Canadians love their loyalty points
According to a 2009 loyalty marketing census, Canadians hold 115 million loyalty program memberships. In fact, the average Canadian household holds 9.2 memberships. The most popular program by far are Aeroplan and Air Miles. Aeroplan has some 4 million members, and Air Miles has 9.5 million.
Would you leave them to a loved one?
Many people wouldn't think about leaving points to someone in a will.
But if you collect thousands of points each year, you may wish to leave your points in a will. Check your policy closely to see if it’s possible.
Including your points in your will ensures that they fall into the right hands, plus it helps to avoid family conflicts. Depending on the program, rules vary. For instance, Air Miles will allow you to merge your accounts with the account that belongs to the deceased, but you’ll need a death certificate and a letter signed by either the executor or a legal representative.
Aeroplan’s estate transfer policy, on the other hand, will allow you redeem the balance upon declaration of death, provided you supply a copy of the death certificate and a copy of the will, as well as a $30 processing fee.
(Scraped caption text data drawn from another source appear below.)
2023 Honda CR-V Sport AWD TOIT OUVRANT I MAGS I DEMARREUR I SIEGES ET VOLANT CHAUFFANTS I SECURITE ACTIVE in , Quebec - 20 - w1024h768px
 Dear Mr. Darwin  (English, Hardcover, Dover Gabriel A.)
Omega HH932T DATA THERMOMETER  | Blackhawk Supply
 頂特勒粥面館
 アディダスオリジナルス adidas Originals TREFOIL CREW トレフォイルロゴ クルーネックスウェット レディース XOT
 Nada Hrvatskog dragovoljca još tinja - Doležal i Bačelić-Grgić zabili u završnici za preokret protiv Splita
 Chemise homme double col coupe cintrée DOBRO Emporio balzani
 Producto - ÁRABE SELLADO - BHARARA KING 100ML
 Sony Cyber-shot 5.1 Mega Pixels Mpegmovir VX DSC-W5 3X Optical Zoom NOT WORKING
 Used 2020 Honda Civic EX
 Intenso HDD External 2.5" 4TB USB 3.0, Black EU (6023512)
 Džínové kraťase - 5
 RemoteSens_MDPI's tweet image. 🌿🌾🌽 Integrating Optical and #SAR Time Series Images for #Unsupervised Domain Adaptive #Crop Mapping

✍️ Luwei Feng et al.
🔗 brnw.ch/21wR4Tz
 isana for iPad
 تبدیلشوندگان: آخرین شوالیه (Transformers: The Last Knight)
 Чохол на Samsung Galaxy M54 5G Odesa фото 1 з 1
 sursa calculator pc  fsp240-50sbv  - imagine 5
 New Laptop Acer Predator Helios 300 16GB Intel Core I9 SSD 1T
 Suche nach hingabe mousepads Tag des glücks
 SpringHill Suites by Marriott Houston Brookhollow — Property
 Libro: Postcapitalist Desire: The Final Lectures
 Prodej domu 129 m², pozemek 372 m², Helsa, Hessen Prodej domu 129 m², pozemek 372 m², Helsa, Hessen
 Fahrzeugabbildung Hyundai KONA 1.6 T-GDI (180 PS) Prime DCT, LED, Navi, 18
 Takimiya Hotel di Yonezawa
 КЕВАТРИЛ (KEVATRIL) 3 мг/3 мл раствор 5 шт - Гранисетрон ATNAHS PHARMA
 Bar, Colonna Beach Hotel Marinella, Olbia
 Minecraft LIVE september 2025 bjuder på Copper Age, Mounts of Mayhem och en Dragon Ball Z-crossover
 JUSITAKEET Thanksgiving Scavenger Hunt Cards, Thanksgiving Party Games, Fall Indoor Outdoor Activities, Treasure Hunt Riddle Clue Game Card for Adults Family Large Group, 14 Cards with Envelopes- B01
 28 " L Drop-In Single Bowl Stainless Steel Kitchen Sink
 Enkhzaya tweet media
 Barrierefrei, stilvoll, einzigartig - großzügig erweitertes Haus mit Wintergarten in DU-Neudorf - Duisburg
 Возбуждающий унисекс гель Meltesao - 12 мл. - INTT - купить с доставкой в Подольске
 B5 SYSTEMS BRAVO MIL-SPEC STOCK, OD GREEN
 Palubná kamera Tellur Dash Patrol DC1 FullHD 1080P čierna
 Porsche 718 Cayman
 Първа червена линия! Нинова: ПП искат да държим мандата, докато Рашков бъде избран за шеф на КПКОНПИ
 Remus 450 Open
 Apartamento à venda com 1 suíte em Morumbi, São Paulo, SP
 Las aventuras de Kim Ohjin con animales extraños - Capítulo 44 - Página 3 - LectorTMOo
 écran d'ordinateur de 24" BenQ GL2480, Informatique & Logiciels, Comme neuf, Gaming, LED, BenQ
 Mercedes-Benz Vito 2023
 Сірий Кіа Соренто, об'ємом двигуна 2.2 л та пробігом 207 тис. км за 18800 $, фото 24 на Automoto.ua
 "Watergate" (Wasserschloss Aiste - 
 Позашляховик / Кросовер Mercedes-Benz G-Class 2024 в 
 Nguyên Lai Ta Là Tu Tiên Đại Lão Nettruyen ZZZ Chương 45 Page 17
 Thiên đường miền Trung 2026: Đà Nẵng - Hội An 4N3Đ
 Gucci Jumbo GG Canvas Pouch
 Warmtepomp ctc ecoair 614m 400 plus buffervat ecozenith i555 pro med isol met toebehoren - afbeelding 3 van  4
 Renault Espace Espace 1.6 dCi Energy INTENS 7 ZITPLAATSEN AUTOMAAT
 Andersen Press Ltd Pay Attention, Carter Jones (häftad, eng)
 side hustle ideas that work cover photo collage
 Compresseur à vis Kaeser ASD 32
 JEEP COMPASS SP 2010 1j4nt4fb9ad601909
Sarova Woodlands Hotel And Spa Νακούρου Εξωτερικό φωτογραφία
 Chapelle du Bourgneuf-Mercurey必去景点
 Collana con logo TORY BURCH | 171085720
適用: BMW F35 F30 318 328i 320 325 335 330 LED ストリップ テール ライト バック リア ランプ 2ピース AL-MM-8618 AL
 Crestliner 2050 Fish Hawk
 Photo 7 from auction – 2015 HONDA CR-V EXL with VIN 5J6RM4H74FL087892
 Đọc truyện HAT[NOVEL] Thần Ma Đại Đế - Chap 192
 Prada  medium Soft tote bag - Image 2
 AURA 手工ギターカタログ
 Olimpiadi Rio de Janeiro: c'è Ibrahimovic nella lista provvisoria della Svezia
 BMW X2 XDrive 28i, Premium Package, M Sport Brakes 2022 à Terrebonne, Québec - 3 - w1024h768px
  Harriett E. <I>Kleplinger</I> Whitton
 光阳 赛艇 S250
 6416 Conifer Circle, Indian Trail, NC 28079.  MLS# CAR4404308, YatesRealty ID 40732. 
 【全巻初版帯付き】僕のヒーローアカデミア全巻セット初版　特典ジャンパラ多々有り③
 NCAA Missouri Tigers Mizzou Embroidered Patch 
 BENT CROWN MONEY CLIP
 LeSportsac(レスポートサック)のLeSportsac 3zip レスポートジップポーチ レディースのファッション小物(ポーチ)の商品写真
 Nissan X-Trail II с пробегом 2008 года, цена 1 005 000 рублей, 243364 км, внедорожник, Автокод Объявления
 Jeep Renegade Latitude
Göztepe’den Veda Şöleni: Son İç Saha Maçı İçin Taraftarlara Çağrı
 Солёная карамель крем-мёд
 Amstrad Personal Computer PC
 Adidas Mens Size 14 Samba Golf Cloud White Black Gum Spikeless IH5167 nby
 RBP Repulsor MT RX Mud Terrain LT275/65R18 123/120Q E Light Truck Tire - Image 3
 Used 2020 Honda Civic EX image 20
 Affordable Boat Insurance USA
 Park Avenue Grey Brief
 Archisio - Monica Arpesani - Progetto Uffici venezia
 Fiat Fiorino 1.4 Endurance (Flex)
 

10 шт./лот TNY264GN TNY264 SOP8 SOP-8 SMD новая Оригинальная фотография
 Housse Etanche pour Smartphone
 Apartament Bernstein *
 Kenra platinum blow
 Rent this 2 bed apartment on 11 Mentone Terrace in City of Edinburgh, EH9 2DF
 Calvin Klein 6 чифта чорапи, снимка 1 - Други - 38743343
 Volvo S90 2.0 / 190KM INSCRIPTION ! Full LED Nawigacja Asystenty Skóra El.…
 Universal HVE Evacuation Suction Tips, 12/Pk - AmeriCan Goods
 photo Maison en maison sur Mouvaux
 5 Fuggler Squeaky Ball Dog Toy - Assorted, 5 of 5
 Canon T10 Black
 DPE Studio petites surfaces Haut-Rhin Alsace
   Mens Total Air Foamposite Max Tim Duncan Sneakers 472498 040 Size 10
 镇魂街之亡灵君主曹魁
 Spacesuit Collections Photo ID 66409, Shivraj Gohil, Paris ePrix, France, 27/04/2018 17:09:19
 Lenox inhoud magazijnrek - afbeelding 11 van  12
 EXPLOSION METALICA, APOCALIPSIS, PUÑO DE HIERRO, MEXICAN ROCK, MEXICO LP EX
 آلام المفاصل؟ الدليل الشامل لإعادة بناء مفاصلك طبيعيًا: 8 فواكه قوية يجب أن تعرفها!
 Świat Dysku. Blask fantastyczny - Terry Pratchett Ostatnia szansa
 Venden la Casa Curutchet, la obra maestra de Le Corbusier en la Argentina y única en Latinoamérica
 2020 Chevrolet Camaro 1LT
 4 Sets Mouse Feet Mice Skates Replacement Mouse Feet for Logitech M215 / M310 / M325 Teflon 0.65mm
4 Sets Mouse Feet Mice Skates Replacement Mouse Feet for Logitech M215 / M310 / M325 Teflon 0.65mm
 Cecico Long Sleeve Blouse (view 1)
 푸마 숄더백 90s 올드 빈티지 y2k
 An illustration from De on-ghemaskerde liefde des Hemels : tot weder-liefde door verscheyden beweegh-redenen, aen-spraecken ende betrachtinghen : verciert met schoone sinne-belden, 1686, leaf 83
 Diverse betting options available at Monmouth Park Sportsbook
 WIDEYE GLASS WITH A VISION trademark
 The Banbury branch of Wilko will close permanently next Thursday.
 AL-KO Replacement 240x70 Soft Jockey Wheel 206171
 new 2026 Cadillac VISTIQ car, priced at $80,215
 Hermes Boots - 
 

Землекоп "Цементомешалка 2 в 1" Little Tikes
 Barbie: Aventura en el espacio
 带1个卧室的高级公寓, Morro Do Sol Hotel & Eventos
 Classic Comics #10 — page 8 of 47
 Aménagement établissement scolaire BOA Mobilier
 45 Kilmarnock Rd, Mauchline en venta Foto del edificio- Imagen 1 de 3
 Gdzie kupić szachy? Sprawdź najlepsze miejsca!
Without a will, you’ll have to provide proof that you’re the spouse or heir of the deceased.
No afterlife for these points
Other credit card programs have even stricter policies, though.
The National Post made some inquiries of some of the more commonly used rewards programs. Upon the cardholder’s death, Shoppers Optimum Rewards Program shuts down the account, denying the right to transfer points that have been earned.
The American Express Company’s credit card rewards program won’t even send a package of forms without a call from an executor. Want to pass on your miles and points without the fuss? You could just hand over your account information, password and account number included.
Most programs allow you to use your points online, without verifying whether or not the account actually belongs to you. The National Post warns that this might actually be against the rules, though. Inheriting those points can be made easier with just a little preparation.
Before calling, be sure you have a copy of the death certificate, the deceased’s loyalty program account numbers, as well as their email address and home address. Also, open your own account so that there’s somewhere to transfer those points.
Finally, if you don’t have the will itself, be sure you have a letter from the executor.